Di nuovo break acustico con "The Ghost of Thom Joad" ed una quasi irriconoscibile "Born in the USA" (almeno per chi ha presente solo la versione dall’omonimo album, qui simile invece alla versione di "Tracks") e poi verso l’apoteosi finale con una incredile e potentissima "Born to run" cantata a squarciagola ed a luci accese da tutti i presenti ormai definitivamente conquistati in questo viaggio nel vero cuore del rock.

C’è ancora tempo per altri bis, tra cui una corale (con il gruppo che si alterna alla voce strofa per strofa) "If I should fall behind" e l’inedita "Land of hopes and drems" che fa ben sperare anche per il futuro.

Insomma, un trionfo. Capisco che vi posso sembrare esagerato nei toni, ma chi non c’era non potrà mai capire, come non avevo fino ad ora ben capito nemmeno io.

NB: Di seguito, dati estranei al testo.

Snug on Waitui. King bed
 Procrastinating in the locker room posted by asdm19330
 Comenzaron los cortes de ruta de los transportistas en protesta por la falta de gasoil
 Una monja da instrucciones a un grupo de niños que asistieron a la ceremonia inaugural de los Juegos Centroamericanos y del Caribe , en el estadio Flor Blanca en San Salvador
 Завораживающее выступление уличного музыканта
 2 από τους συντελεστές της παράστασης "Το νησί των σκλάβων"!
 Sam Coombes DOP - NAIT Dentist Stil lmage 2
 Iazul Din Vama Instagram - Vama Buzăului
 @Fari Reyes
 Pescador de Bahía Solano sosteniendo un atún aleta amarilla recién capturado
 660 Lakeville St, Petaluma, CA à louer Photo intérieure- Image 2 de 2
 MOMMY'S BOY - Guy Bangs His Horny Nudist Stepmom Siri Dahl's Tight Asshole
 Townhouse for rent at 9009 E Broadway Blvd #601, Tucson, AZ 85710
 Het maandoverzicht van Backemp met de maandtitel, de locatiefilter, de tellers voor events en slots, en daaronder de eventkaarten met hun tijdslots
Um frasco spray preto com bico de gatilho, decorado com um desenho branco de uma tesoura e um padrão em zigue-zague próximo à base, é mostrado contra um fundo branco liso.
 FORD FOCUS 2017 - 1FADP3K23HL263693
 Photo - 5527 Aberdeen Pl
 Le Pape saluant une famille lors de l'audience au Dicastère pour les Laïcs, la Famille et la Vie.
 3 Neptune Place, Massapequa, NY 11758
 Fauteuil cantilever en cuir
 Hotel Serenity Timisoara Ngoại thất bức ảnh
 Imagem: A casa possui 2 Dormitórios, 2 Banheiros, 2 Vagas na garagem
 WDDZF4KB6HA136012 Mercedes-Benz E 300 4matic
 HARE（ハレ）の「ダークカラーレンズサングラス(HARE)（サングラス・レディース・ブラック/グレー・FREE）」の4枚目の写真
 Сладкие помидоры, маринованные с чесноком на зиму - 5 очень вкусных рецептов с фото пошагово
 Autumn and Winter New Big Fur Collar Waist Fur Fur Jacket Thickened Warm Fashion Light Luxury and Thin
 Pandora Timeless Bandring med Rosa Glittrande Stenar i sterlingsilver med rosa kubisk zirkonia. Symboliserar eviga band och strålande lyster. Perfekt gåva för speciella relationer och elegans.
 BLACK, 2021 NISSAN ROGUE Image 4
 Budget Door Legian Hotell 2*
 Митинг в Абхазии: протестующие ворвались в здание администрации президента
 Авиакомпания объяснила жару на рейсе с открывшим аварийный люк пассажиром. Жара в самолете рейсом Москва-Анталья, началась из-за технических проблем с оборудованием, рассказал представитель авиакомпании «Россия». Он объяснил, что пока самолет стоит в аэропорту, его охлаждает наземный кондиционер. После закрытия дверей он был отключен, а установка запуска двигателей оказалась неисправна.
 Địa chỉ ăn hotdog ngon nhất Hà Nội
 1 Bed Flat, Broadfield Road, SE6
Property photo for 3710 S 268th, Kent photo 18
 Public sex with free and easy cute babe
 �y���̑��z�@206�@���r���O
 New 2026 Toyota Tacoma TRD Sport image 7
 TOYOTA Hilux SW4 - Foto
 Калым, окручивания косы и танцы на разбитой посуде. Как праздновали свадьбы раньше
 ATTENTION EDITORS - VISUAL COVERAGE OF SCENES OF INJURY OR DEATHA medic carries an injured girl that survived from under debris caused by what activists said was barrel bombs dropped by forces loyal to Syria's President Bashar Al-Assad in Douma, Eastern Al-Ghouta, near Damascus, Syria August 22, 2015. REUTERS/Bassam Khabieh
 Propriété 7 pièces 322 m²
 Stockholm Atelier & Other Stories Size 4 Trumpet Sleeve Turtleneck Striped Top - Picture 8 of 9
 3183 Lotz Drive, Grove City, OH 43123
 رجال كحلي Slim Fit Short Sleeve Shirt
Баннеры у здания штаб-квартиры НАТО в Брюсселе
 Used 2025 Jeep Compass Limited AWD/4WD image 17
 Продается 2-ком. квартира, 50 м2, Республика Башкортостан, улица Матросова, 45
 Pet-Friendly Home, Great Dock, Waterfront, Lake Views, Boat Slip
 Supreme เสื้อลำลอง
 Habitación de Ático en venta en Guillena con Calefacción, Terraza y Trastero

Il rock sarà anche morto o moribondo, come si vocifera in giro, ed in effetti vicino a me c’era un ragazzino di una quindicina d’anni presumibilmente trascinato lì dai genitori, che dopo tre o quattro pezzi si è tranquillamente addormentato sui seggiolini (non si è smosso nemmeno nel tripudio collettivo di "Born to run") che sembrerebbe avvalorare l’ipotesi che il rock non parla più il linguaggio delle nuove generazioni, ma anche se così fosse non importa. Bisognerebbe però allora scrivere di questo strano fenomeno avvenuto in questo pallazzetto, come in molti altri, dove quindicimila "zombies" hanno saltato, hanno ballato, si sono divertiti come matti, hanno gioito, hanno sudato, hanno cantato, si sono emozionati ascoltando le storie dei tanti personaggi raccontati da questo strano "Dio e dai suoi discepoli" risorti a nuova vita.